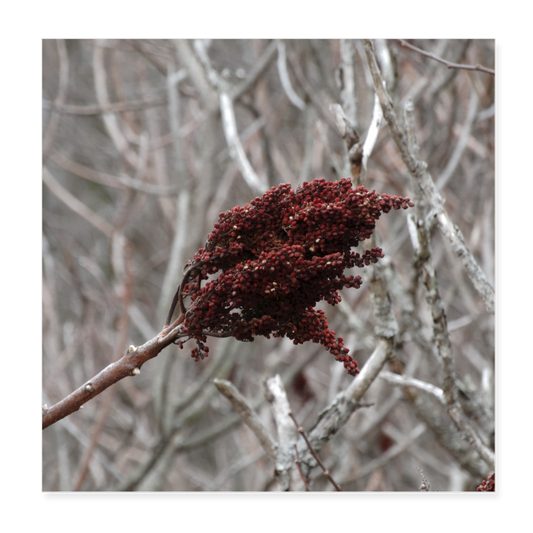 Seed Head 8x8 Print - white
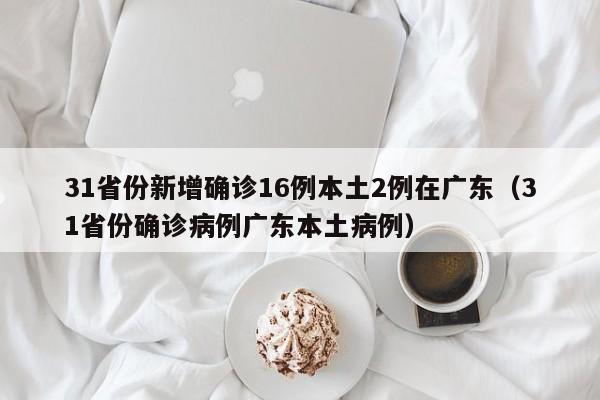 31省份新增确诊16例本土2例在广东（31省份确诊病例广东本土病例）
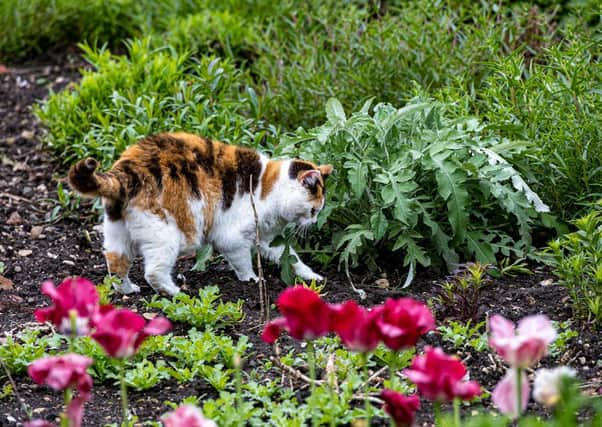 Committee the cat at Gunby Hall. Picture: Mike Pounder, volunteer photographer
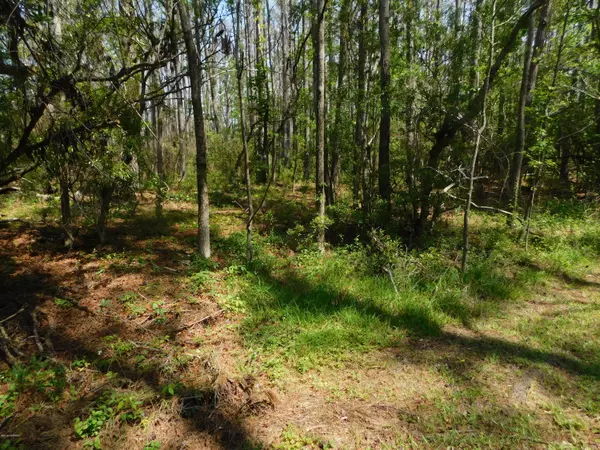 Smyrna, NC 28579,000 Will Pake RD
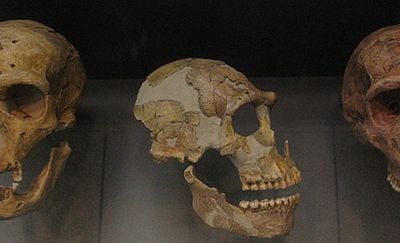 Neanderthal skulls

———

HOW TO COMPLETE THIS TASK: Exact repetition of all entries is required. The pictures should not appear.

COMPLETED EXERCISE:
 Seed Head 8x8 Print - white
 31省份新增确诊16例本土2例在广东（31省份确诊病例广东本土病例）
 Committee the cat at Gunby Hall. Picture: Mike Pounder, volunteer photographer
 Smyrna, NC 28579,000 Will Pake RD
 Neanderthal skulls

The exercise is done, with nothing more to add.